*INSTRUCTIONS TO FOLLOW:* I'd like every line from the material below that has "Icon" in it.

*DATASET RECORDS:*
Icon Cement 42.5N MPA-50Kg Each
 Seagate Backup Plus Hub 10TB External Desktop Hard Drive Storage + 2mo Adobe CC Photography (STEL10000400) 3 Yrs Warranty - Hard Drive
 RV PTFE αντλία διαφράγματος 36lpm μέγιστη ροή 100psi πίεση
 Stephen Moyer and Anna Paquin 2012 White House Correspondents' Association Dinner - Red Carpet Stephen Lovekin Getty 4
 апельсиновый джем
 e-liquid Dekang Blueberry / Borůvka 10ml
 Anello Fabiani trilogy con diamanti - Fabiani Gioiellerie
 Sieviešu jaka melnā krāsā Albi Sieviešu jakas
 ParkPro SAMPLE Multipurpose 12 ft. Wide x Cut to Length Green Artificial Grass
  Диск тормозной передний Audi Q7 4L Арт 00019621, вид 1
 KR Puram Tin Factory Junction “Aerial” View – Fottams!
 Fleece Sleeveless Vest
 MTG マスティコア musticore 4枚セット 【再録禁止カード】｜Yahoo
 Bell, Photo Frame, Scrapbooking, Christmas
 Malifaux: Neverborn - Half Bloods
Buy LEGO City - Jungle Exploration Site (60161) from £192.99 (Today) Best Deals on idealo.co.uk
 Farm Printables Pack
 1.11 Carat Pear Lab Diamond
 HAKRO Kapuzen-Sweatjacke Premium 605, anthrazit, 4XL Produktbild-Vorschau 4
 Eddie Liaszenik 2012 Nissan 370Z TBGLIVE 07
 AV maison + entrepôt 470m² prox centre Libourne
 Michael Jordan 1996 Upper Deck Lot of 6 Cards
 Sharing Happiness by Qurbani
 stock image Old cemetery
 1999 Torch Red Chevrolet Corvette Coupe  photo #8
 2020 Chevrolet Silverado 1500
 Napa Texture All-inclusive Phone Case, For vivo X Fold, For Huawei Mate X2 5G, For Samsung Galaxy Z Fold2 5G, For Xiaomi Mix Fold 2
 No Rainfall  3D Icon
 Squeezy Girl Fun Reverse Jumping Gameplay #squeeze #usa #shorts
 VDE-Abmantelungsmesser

*WRITTEN SOLUTION:*
Icon Cement 42.5N MPA-50Kg Each
 No Rainfall  3D Icon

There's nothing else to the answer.